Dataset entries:

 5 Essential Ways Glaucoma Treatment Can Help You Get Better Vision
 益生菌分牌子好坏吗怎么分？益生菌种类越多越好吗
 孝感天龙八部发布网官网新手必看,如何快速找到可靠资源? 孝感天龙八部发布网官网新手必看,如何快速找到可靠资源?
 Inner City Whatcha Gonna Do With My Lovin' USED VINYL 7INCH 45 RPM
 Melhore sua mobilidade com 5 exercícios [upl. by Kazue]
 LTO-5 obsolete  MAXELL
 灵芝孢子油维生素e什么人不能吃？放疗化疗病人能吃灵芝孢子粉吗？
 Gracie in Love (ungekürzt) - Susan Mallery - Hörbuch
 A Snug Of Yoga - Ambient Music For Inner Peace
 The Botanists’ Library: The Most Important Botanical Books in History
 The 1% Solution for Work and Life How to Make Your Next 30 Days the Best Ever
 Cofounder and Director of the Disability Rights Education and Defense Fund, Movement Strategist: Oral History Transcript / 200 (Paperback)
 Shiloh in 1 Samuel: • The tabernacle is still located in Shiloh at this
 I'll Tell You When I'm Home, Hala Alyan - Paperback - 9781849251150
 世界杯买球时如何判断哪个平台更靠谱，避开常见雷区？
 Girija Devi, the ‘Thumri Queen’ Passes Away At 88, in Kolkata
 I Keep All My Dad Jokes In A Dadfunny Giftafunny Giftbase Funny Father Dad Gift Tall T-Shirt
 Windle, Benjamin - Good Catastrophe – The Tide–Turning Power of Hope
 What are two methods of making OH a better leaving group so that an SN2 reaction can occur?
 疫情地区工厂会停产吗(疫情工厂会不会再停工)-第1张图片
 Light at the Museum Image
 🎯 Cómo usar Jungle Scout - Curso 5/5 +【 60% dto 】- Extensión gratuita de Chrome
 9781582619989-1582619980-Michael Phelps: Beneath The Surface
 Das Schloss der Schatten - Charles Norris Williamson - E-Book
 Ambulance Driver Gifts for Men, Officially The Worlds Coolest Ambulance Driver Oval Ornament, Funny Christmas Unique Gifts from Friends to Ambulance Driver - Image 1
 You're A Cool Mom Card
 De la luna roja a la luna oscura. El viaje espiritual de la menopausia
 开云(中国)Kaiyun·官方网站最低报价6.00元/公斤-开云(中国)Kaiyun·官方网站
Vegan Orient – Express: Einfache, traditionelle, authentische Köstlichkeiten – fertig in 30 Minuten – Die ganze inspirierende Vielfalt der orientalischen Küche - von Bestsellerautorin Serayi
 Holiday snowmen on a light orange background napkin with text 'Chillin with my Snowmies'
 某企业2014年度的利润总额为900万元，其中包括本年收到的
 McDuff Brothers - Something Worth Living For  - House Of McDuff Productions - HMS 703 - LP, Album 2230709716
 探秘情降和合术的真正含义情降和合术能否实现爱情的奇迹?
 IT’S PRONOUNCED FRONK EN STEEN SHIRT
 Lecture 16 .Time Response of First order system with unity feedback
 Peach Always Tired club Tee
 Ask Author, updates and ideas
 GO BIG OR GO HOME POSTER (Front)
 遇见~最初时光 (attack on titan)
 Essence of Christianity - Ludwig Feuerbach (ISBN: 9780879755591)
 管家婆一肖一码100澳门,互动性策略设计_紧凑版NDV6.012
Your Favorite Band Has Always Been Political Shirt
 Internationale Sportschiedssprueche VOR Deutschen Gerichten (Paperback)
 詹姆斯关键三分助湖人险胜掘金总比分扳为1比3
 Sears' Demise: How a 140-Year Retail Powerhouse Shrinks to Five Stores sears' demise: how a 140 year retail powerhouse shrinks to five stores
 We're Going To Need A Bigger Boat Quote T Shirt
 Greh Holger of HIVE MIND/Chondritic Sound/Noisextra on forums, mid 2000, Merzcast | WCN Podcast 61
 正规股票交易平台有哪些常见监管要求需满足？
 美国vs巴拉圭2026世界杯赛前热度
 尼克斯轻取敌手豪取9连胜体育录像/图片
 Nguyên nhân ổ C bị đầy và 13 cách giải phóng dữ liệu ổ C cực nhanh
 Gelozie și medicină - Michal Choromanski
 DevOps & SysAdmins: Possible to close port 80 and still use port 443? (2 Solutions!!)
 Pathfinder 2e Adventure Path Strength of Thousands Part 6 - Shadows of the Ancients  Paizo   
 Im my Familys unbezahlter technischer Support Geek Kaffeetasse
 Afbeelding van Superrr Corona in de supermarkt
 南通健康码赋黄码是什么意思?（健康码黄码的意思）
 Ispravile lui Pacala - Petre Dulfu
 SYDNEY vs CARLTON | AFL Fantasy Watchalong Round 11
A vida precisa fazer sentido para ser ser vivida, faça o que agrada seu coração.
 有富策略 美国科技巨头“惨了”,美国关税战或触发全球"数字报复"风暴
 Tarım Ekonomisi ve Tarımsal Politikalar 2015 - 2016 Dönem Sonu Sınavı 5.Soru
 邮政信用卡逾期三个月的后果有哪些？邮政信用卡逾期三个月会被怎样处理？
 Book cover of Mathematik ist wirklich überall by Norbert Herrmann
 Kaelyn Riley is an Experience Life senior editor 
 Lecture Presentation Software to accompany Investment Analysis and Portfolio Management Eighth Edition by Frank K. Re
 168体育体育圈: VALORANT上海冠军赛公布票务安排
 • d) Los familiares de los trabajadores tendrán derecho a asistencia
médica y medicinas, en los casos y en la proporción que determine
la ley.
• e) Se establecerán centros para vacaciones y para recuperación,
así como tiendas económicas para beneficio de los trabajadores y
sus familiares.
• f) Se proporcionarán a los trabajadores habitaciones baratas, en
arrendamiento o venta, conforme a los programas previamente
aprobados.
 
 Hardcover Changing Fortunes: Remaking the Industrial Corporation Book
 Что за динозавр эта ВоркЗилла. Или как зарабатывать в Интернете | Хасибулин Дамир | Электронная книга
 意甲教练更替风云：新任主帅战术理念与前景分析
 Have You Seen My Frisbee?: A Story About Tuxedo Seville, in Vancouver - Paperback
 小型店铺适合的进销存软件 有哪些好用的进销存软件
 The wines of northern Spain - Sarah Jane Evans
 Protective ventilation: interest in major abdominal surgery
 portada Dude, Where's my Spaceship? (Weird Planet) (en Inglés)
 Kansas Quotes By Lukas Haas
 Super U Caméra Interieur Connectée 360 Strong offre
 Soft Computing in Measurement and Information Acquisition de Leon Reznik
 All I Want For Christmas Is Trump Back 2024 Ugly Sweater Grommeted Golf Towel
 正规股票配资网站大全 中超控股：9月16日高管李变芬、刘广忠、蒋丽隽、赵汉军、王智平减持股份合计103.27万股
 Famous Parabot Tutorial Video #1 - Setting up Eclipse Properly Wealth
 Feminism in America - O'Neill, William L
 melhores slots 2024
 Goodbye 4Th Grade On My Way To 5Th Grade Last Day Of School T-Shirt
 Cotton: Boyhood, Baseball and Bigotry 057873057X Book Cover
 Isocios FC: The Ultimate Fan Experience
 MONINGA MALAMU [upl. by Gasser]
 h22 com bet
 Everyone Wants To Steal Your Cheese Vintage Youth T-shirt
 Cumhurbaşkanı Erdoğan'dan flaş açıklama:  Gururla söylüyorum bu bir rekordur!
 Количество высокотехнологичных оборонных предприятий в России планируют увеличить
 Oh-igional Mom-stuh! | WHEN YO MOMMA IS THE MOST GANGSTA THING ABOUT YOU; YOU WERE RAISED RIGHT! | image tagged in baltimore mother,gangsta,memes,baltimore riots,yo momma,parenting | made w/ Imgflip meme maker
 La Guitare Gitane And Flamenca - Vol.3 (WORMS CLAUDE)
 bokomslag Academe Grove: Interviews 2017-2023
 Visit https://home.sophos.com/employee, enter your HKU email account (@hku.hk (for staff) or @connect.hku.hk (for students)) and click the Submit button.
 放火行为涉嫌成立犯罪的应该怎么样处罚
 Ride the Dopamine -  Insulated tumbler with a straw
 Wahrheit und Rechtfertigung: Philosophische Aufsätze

** WORK TO BE COMPLETED **
Given the records above, reproduce precisely and only the lines between the line holding "sus familiares." and the line holding "melhores slots 2024", inclusive.

** REPLY **
sus familiares.
• f) Se proporcionarán a los trabajadores habitaciones baratas, en
arrendamiento o venta, conforme a los programas previamente
aprobados.
 
 Hardcover Changing Fortunes: Remaking the Industrial Corporation Book
 Что за динозавр эта ВоркЗилла. Или как зарабатывать в Интернете | Хасибулин Дамир | Электронная книга
 意甲教练更替风云：新任主帅战术理念与前景分析
 Have You Seen My Frisbee?: A Story About Tuxedo Seville, in Vancouver - Paperback
 小型店铺适合的进销存软件 有哪些好用的进销存软件
 The wines of northern Spain - Sarah Jane Evans
 Protective ventilation: interest in major abdominal surgery
 portada Dude, Where's my Spaceship? (Weird Planet) (en Inglés)
 Kansas Quotes By Lukas Haas
 Super U Caméra Interieur Connectée 360 Strong offre
 Soft Computing in Measurement and Information Acquisition de Leon Reznik
 All I Want For Christmas Is Trump Back 2024 Ugly Sweater Grommeted Golf Towel
 正规股票配资网站大全 中超控股：9月16日高管李变芬、刘广忠、蒋丽隽、赵汉军、王智平减持股份合计103.27万股
 Famous Parabot Tutorial Video #1 - Setting up Eclipse Properly Wealth
 Feminism in America - O'Neill, William L
 melhores slots 2024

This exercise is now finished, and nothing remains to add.